Error Message Sanitization

  • No sensitive data in error messages
  • File paths relativized in logs
  • API keys never logged
  • Transaction details redacted in non-debug logs

File Permissions

  • Config files: 0600 (owner read/write only)
  • Directories: 0750 (owner full, group read/execute)
  • Output files: 0644 (owner read/write, others read)

Migration and Compatibility

Backward Compatibility Strategy

Deprecated Code Marking:

// Deprecated: Use NewCategorizer with dependency injection instead.
// This function will be removed in v2.0.0.
func GetDefaultCategorizer() *Categorizer {
    // Provide backward compatible implementation
}

Adapter Pattern:

type LegacyTransactionAdapter struct {
    tx Transaction
}

func (a *LegacyTransactionAdapter) GetAmountAsFloat() float64 {
    f, _ := a.tx.Amount.Amount.Float64()
    return f
}

Migration Path

  1. Phase 1: Introduce new interfaces alongside existing code
  2. Phase 2: Add deprecation warnings to old APIs
  3. Phase 3: Migrate internal usage to new patterns
  4. Phase 4: Remove deprecated code in major version bump

Formatter Architecture

Output Formatter System

Formatter Interface:

type OutputFormatter interface {
    Header() []string
    Format(transactions []models.Transaction) ([][]string, error)
    Delimiter() rune
}

FormatterRegistry Pattern:

type FormatterRegistry struct {
    formatters map[string]OutputFormatter
    mu         sync.RWMutex
}

func (r *FormatterRegistry) Register(name string, formatter OutputFormatter) {
    r.mu.Lock()
    defer r.mu.Unlock()
    r.formatters[name] = formatter
}

func (r *FormatterRegistry) Get(name string) (OutputFormatter, error) {
    r.mu.RLock()
    defer r.mu.RUnlock()
    formatter, ok := r.formatters[name]
    if !ok {
        return nil, fmt.Errorf("formatter not found: %s", name)
    }
    return formatter, nil
}

Built-in Formatters: - StandardFormatter: 29-column CSV with comma delimiter (default) - iComptaFormatter: 10-column CSV with semicolon delimiter and dd.MM.yyyy date format

Usage:

registry := container.GetFormatterRegistry()
formatter, err := registry.Get("icompta")
if err != nil {
    return err
}

rows, err := formatter.Format(transactions)
csvFile.SetDelimiter(formatter.Delimiter())
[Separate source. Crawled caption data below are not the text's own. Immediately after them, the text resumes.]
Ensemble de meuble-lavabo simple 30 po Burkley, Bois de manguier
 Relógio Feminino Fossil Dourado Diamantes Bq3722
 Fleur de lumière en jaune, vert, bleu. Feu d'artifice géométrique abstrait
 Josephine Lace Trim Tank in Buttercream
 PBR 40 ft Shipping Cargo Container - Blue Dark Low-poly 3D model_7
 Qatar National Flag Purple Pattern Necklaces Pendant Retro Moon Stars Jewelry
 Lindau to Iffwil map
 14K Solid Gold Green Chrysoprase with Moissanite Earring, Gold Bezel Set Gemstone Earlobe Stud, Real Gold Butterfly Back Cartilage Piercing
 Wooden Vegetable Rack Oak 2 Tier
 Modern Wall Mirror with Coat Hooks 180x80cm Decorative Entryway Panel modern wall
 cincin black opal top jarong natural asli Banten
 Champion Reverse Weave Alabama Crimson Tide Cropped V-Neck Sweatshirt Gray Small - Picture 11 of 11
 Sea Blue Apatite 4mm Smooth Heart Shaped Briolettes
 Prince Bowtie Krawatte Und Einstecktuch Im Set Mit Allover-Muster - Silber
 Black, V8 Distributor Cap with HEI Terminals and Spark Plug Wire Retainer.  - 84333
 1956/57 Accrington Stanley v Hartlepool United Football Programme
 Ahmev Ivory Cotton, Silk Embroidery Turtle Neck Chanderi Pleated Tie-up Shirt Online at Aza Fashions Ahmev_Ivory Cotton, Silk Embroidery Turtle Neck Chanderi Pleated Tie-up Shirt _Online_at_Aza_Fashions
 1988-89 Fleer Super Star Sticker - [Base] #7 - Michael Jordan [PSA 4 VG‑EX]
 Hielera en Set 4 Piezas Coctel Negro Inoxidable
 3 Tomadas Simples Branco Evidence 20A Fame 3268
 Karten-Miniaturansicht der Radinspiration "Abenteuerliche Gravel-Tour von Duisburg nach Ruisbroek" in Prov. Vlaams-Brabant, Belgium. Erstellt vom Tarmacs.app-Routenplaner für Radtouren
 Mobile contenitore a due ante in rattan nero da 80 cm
Benefits: - Cross-parser output formatting - Easy addition of new export formats - Consistent formatting across all parsers - User-selectable output format via --format flag

Extension Points

Adding New Parsers

  1. Create package: internal/<format>parser/
  2. Embed BaseParser: parser.BaseParser
  3. Implement interfaces: parser.Parser (minimum) with context.Context parameter
  4. Use dependency injection: Accept logger in constructor
  5. Follow error handling patterns: Use custom error types
  6. Add comprehensive tests: Mock dependencies

Adding New Categorization Strategies

  1. Implement CategorizationStrategy interface
  2. Add to strategy list in Categorizer constructor
  3. Ensure proper priority ordering
  4. Add comprehensive tests with mock dependencies

Adding New Configuration Options

  1. Add to config struct in internal/config/
  2. Update Viper configuration loading
  3. Add environment variable mapping
  4. Update CLI flags if needed
  5. Document in user guide

This architecture provides a solid foundation for maintainable, testable, and extensible financial data processing while ensuring reliability and performance.